EXERCISE PROMPT = Copy from the first line below down to and including the line with "Greetings and welcome". Skip the pictures.

(Stored data entries)

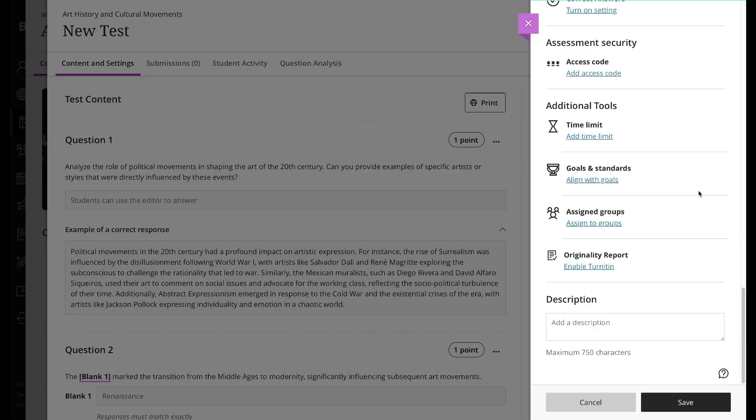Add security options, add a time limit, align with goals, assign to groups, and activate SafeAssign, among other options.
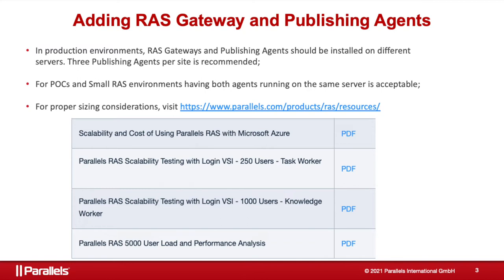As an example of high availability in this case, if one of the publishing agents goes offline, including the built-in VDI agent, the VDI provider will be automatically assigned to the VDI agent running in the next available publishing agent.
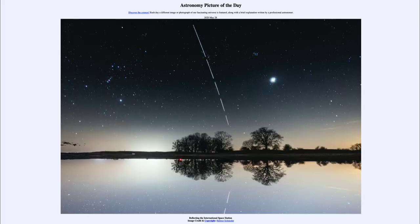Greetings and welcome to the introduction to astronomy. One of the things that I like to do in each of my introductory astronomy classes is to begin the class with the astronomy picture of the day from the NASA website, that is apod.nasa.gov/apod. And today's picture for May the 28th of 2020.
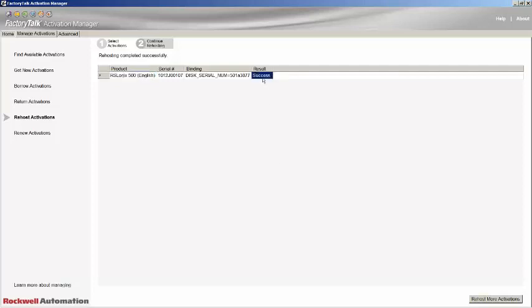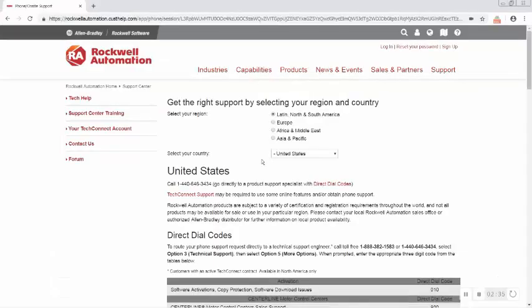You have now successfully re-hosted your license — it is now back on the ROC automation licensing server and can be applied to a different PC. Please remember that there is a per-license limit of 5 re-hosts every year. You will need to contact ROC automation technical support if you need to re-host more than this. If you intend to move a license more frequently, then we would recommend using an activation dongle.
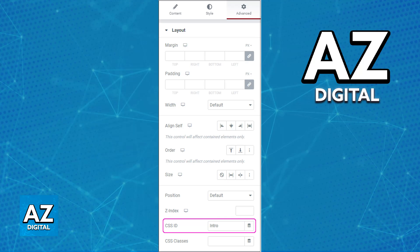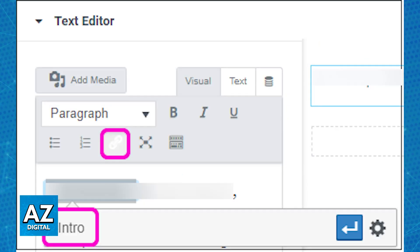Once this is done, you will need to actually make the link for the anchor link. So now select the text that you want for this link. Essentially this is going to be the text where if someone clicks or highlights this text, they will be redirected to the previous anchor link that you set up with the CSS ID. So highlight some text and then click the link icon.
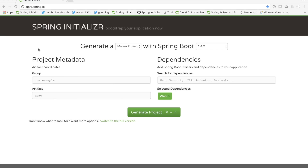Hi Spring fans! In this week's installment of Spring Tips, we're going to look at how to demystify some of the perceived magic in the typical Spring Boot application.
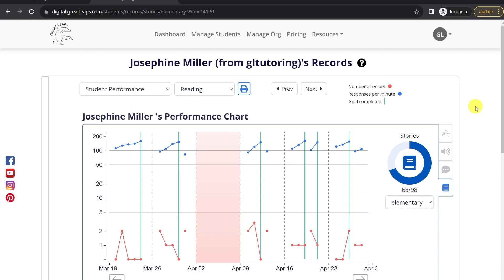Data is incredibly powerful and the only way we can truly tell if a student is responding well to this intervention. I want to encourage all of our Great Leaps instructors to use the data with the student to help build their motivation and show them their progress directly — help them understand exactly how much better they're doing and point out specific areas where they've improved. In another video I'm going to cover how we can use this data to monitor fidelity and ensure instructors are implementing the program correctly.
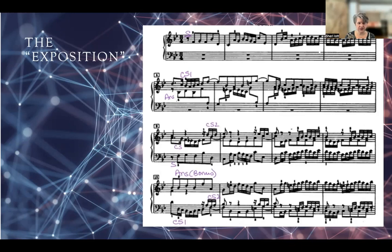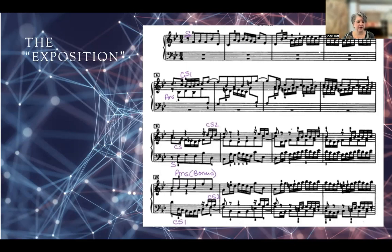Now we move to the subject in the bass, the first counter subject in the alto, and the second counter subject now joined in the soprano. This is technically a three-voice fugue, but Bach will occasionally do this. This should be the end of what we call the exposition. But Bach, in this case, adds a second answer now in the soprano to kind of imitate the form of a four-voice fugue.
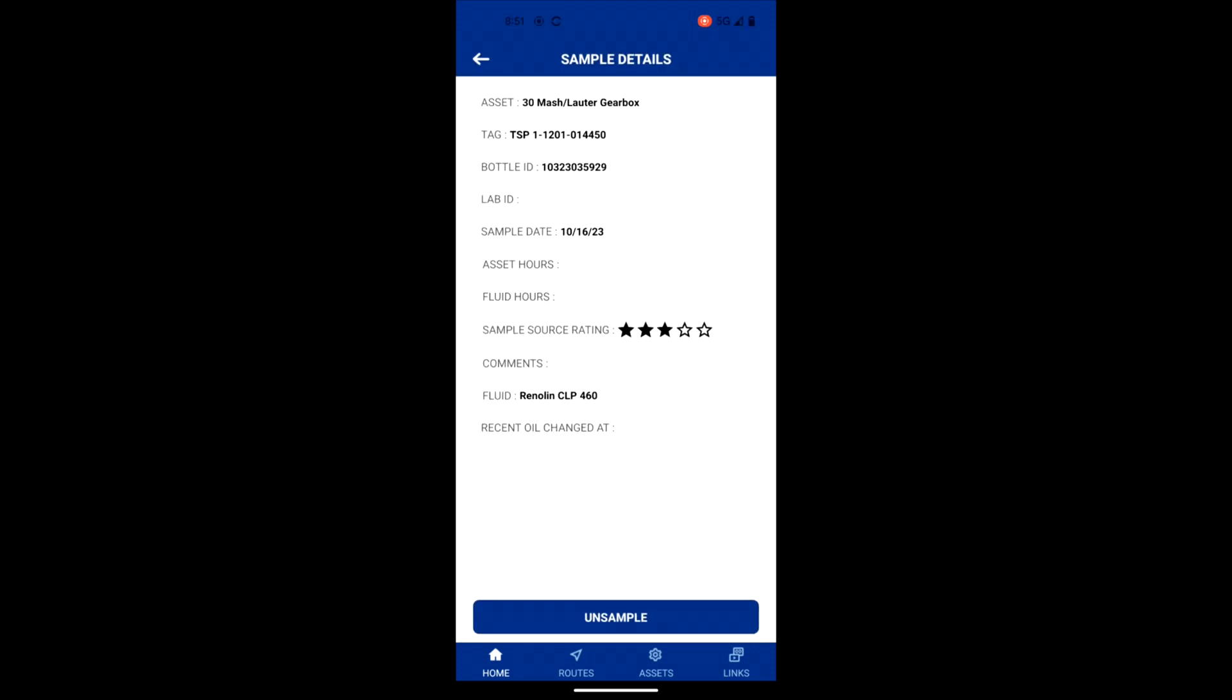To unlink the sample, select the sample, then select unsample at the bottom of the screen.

TASK RESULT =
Add security options, add a time limit, align with goals, assign to groups, and activate SafeAssign, among other options.
As an example of high availability in this case, if one of the publishing agents goes offline, including the built-in VDI agent, the VDI provider will be automatically assigned to the VDI agent running in the next available publishing agent.
Greetings and welcome to the introduction to astronomy. One of the things that I like to do in each of my introductory astronomy classes is to begin the class with the astronomy picture of the day from the NASA website, that is apod.nasa.gov/apod. And today's picture for May the 28th of 2020.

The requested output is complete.